Anyone who’s followed East Coast hip-hop can go on-and-on about Gang Starr. Originally formed in 1987, the group was seen as the scion of another land-mark East-Coast duo, Eric B. and Rakim. Comprised of Guru and DJ Premier, the group released several classic albums in the early '90s including Step in the Arena, Daily Operation, and Moment of Truth. The recipe of DJ Premier’s inspired jazz-samples and Guru’s slick-rhyme skills established the group as hip-hop giants on the same tier as A Tribe Called Quest and De La Soul.
Although Gang Starr kept recording together (the group's latest CD was released in 2003), the Guru started to branch out with his own solo project – The Jazzmatazz series. Beginning with the first volume in 1993, Guru has released three more volumes of the series to date. The Best of Guru’s Jazzmatazz culls the best 15 tracks from the first-three volumes, along with three remixes.
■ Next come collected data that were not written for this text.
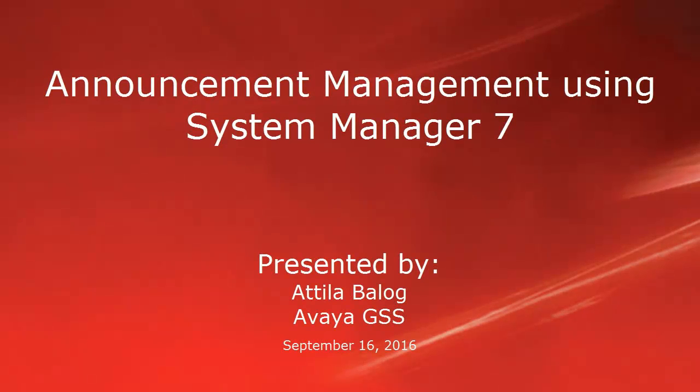Hello, this is Attila Balog with Avaya Global Services, and today I'm going to show you how to manage announcements using System Manager 7.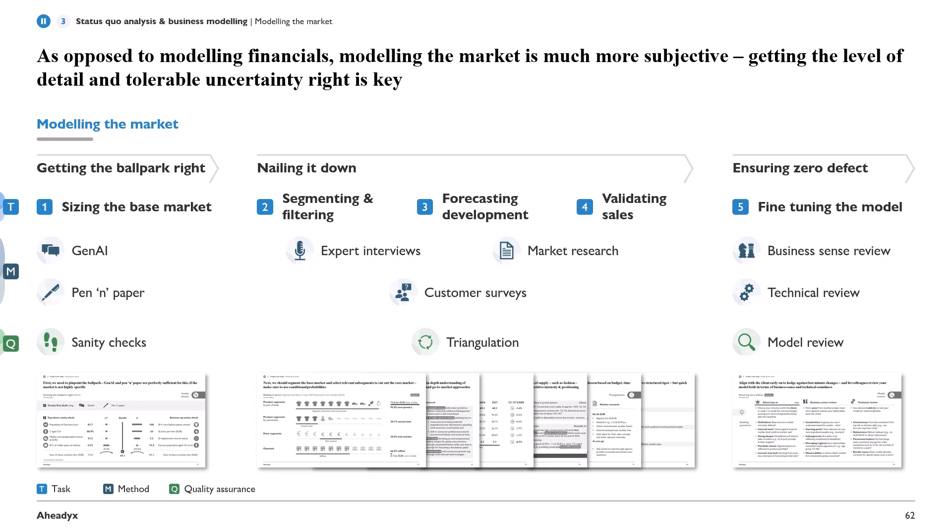For each phase we also have a quality assurance measure. First, simple sanity checks; then triangulation — which means contrasting potentially diverging opinions from expert interviews, market research, and customer surveys; and finally, for the model review, we integrate business and technical perspectives. That's the structure we'll follow. If you want to know how to get the ballpark right in the next video, hit that subscribe button and I'll see you then.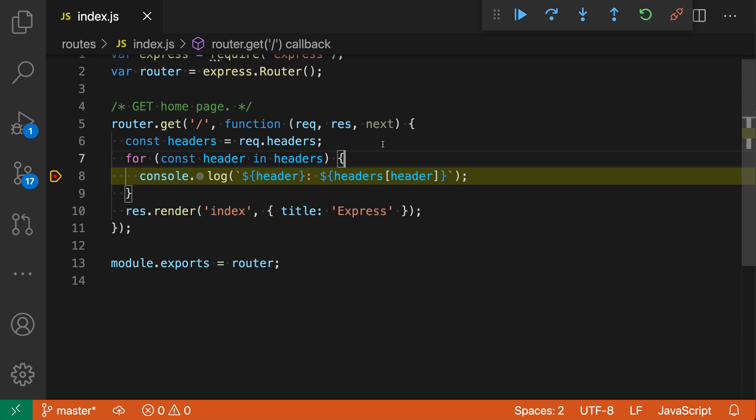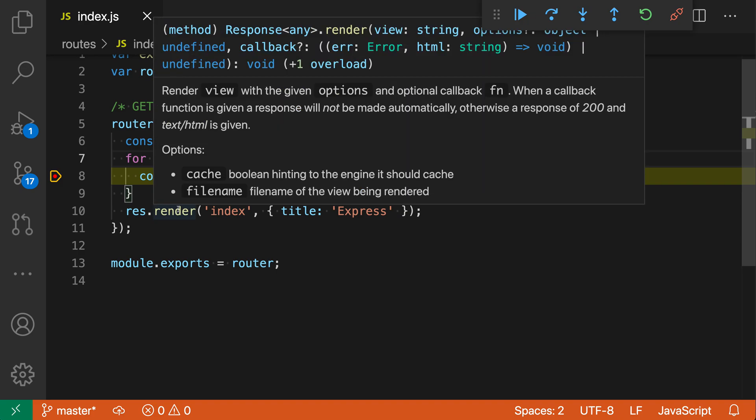You can also skip the debug hover entirely just by holding down Option or Alt and then triggering the hover. So I'm going to hold down Option or Alt here and then trigger the hover, and you can see that it just went directly to the original hover information instead of to the debug hover.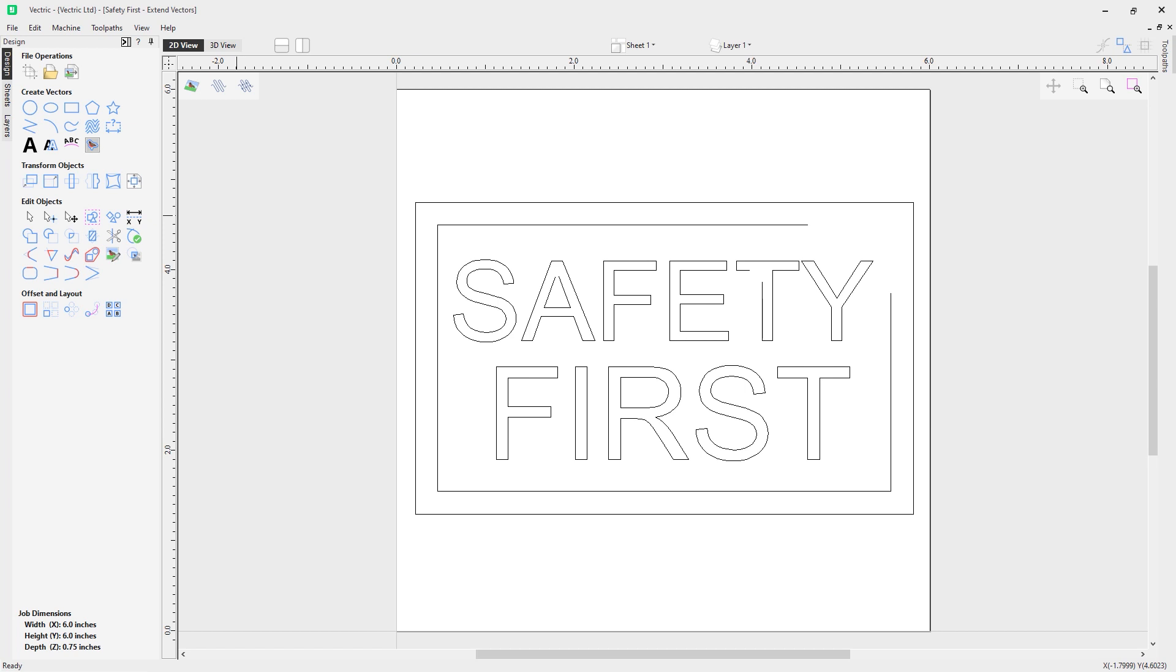In this video we're going to take a look at how to use the extend tool. The extend tool allows you to extend two vector lines to the common point of intersection. Let's have a look at where it is found. If you come into Edit Objects, you can find the extend tool under the Edit Objects part of the design tab.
The production throughout the CD is top-notch. Fully realized arrangements replace the jazz-samples that represented the iconic sound of Gang Starr. As the title indicates, each track is infused with jazz instrumentation. An eclectic mix of jazz artists contributes their talents to the mix including Donald Byrd, Ronnie Jordan, Lonnie Liston Smith, and Branford Marsalis. As the list suggests, the instrumentation on the CD is diverse: trumpets, alto and soprano saxes, flutes, and electric keyboards flow throughout the proceedings. And each track hosts bouncing-drum tracks and sleek bass lines.
However, jazz artists aren’t the only guests at the party. Erykah Badu, Chaka Kahn, Angie Stone, Jamiroquai, and The Roots, as well as many contemporary R&B singers and rappers, effectively lend their talents to the collaborations. The R&B singers that appear on some of the tracks are a welcomed surprise. Their work is fresh and melodic, offering a reprise to the annoying R&B-rapper collaborations that sustain talent-less hacks like 50 Cent.
But of course the real star of the show is the Guru. His laid-back, syrupy delivery, combined with his intelligent, introspective rhymes, maintain Guru’s prominence as one of hip-hop’s top lyricists. His storytelling technique is in full display on one of the album’s standout tracks, “Sights in the City,” as he interweaves several tragic tales of lives lost to the seedier aspects of big-city life. Other highlights include the Chaka Kahn-Branford Marsalis track “Watch What You Say,” The Roots’ appearance on “Lift Your Fist,” and the Erykah Badu collaboration “Plenty.”
The Best of Guru’s Jazzmatazz is a great collection from an immensely talented hip-hop artist. Guru has a full understanding of the roots between jazz and hip-hop, which is on full display throughout the album. I’d highly recommend this album for any fan of Guru’s work, or any hip-hop fan looking for something fresh.